# How do you find the power series for f(x)=1/(1+x^2)^2 and determine its radius of convergence?

Jan 9, 2018

The power series is:

f(x) =sum_(n=0)^oo (-1)^(n-1) nx^(2(n-1)

This gives a radius of convergence of: $| x | < 1$

#### Explanation:

Start with the form of the power series for a geometric series:

${\sum}_{n = 0}^{\infty} {r}^{n} = \frac{1}{1 - r} = 1 + r + {r}^{2} + {r}^{3} + \ldots$

Now find the derivative of this:

$\frac{d}{\mathrm{dr}} {\sum}_{n = 0}^{\infty} {r}^{n} = {\sum}_{n = 0}^{\infty} n {r}^{n - 1}$

Also:

$\frac{d}{\mathrm{dr}} \frac{1}{1 - r} = \frac{1}{1 - r} ^ 2$

Now replace $r \to - {x}^{2}$ so that:

$\frac{1}{1 - r} ^ 2 \to \frac{1}{1 + {x}^{2}} ^ 2$

and also therefore that:

${\sum}_{n = 0}^{\infty} n {r}^{n - 1} \to {\sum}_{n = 0}^{\infty} n {\left(- {x}^{2}\right)}^{n - 1} = {\sum}_{n = 0}^{\infty} {\left(- 1\right)}^{n - 1} n {x}^{2 \left(n - 1\right)}$

So we have found that the power series is therefore:

1/(1+x^2)^2 =sum_(n=0)^oo (-1)^(n-1) nx^(2(n-1)

From this the first few terms are:

$f \left(x\right) = 1 - 2 {x}^{2} + 3 {x}^{4} - 4 {x}^{6} + \ldots$

which if you check is in agreement with the Taylor expansion around $x = 0$.

So we can now find the radius of convergence (i.e. the values of $x$ for which this sum will converge).
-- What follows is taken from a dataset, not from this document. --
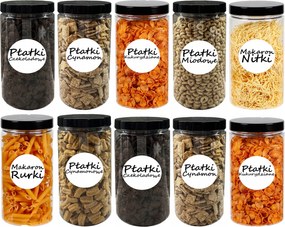 Ételtároló edények befőttes üvegek konyha 1,5L 10 db-os szett címkék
The radius of convergence can be found by:

If ${A}_{n}$ is the $n$th term of the series then by application of the ratio test of convergence: the series will converge if:

${\lim}_{n \to \infty} | {A}_{n + 1} \frac{|}{|} {A}_{n} | < 1$

In our case: ${A}_{n} = {\left(- 1\right)}^{n} \left(n + 1\right) {x}^{2 n}$ so for convergence:

${\lim}_{n \to \infty} | {\left(- 1\right)}^{\left(n - 1\right) + 1} \left(n + 1\right) {x}^{2 \left(\left(n - 1\right) + 1\right)} \frac{|}{|} {\left(- 1\right)}^{n - 1} n {x}^{2 \left(n - 1\right)} | < 1$

$\to {\lim}_{n \to \infty} | {\left(- 1\right)}^{n} \left(n + 1\right) {x}^{2 n} \frac{|}{|} {\left(- 1\right)}^{n - 1} n {x}^{2 \left(n - 1\right)} | < 1$

$\to {\lim}_{n \to \infty} | - 1 \frac{n + 1}{n} {x}^{2} | = {\lim}_{n \to \infty} \frac{n + 1}{n} | {x}^{2} | < 1$

Evaluating:

${\lim}_{n \to \infty} \frac{n + 1}{n} = {\lim}_{n \to \infty} \frac{n}{n} = 1$

$\to 1 | {x}^{2} | < 1 \to | x {|}^{2} < 1 \therefore | x | < 1$

So finally we arrive at the radius of convergence of $1$.